On the Town05 Long benchmark, VADv2 achieved a Drive Score of 85.1, a Route Completion of 98.4, and an Infraction Score of 0.87, as shown in Tab. 1. Compared to the previous state-of-the-art method, VADv2 achieves a higher Route Completion while significantly improving Drive Score by 9.0. It is worth noting that VADv2 only utilizes cameras as perception input, while DriveMLM utilizes both cameras and LiDAR. Furthermore, compared to the previous best method which only relies on cameras, VADv2 demonstrates even greater advantages, with a remarkable increase in Drive Score of up to 16.8.
Also in February 2024, the Institute for Interdisciplinary Information Sciences at Tsinghua University and Li Auto introduced DriveVLM (its whole process shown in the figure below). A range of images are processed by a large visual language model (VLM) to perform specific chain of thought (CoT) reasoning to produce driving planning results. This large VLM includes a visual encoder and a large language model (LLM).
Due to limitations of VLMs in spatial reasoning and high computing requirements, DriveVLM team proposed DriveVLM-Dual, a hybrid system that combines advantages of DriveVLM and conventional autonomous driving pipelines. DriveVLM-Dual optionally combines DriveVLM with conventional 3D perception and planning modules, such as 3D object detector, occupancy network, and motion planner, allowing the system to achieve 3D localization and high-frequency planning. This dual-system design, similar to slow and fast thinking processes of human brain, can effectively adapt to changing complexity of driving scenarios.
AI and cloud companies attract attention as foundation models emerge.

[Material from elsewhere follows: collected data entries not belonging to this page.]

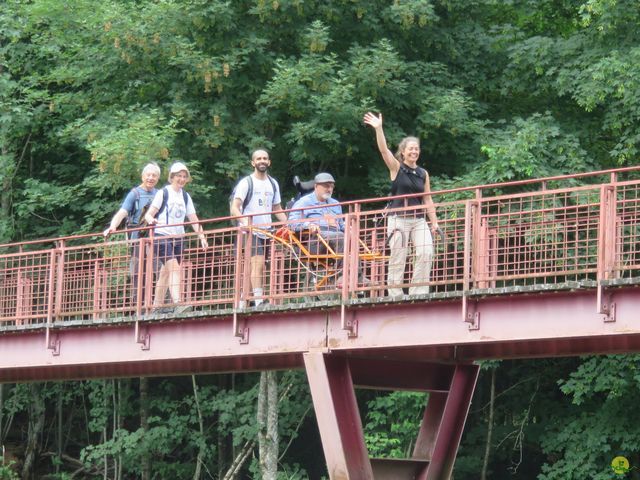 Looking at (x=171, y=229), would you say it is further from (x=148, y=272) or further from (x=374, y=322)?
(x=374, y=322)

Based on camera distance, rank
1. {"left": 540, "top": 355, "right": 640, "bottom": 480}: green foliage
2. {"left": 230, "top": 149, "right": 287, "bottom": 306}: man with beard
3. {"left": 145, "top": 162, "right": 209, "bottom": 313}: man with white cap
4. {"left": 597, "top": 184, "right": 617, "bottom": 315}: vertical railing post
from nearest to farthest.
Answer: {"left": 597, "top": 184, "right": 617, "bottom": 315}: vertical railing post < {"left": 230, "top": 149, "right": 287, "bottom": 306}: man with beard < {"left": 145, "top": 162, "right": 209, "bottom": 313}: man with white cap < {"left": 540, "top": 355, "right": 640, "bottom": 480}: green foliage

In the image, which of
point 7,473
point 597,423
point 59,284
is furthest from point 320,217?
point 7,473

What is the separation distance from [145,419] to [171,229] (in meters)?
14.3

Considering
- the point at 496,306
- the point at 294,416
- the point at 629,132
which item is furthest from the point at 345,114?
the point at 496,306

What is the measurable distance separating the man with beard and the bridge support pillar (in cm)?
131

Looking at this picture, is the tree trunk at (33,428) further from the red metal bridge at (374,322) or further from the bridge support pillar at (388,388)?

As AI foundation models emerge, computing power, algorithm and data are indispensable. AI companies (iFLYTEK, SenseTime, Megvii, etc.) that are good at algorithms and have a large reserve of computing power, and cloud computing companies (Inspur, Volcengine, Tencent Cloud, etc.) with powerful intelligent computing centers, come under a spotlight of OEMs.

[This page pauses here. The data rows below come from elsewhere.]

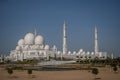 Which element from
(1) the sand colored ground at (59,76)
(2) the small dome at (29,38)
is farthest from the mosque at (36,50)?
(1) the sand colored ground at (59,76)

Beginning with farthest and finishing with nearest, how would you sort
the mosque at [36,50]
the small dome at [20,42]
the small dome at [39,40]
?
the small dome at [20,42] < the small dome at [39,40] < the mosque at [36,50]

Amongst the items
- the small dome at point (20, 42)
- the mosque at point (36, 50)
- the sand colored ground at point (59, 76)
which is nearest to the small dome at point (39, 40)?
the mosque at point (36, 50)

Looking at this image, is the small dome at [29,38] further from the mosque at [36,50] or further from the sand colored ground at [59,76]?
the sand colored ground at [59,76]

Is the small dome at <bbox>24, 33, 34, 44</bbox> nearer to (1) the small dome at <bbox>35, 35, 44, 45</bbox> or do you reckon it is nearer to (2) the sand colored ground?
(1) the small dome at <bbox>35, 35, 44, 45</bbox>

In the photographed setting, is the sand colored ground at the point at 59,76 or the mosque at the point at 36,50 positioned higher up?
the mosque at the point at 36,50

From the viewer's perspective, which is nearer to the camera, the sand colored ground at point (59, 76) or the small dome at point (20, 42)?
the sand colored ground at point (59, 76)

In the field of AI Foundation Model, SenseTime has deployed cockpit multimodal foundation model SenseChat-Vision, Artificial Intelligence Data Center (AIDC, with computing power of 6000P), and autonomous driving foundation model DriveMLM. In early 2024, SenseTime launched DriveMLM and achieved good results on CARLA, the most authoritative list of closed-loop test. DriveMLM is an intermediate solution between modular and end-to-end solutions and is interpretable.
For collection of autonomous driving corner cases, Volcengine and Haomo.ai work together to use foundation models to generate scenarios and improve annotation efficiency. The cloud service capabilities provided by Volcengine help Haomo.ai to improve the overall pre-annotation efficiency of DriveGPT by 10 times.

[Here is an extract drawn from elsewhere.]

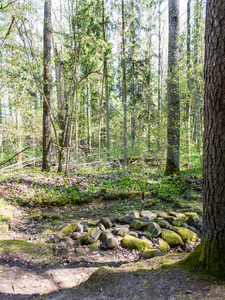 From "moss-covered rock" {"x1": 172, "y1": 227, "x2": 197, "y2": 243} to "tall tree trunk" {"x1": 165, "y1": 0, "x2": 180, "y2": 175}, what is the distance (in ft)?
14.4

In 2023, Tencent released upgraded products and solutions in Intelligent Vehicle Cloud, Intelligent Driving Cloud Map, Intelligent Cockpit and other fields. In terms of computing power, Tencent Intelligent Vehicle Cloud enables 3.2Tbps bandwidth, 3 times higher computing performance, 10 times higher communication performance, and an over 60% increase in computing cluster GPU utilization, providing high-bandwidth, low-latency intelligent computing power support for training foundation models for intelligent driving. As for training acceleration, Tencent Intelligent Vehicle Cloud combines Angel Training Acceleration Framework, with training speed twice and reasoning speed 1.3 times faster than the industry's mainstream frameworks. Currently Bosch, NIO, NVIDIA, Mercedes-Benz, and WeRide among others are users of Tencent Intelligent Vehicle Cloud. In 2024, Tencent will further strengthen construction of AI foundation models.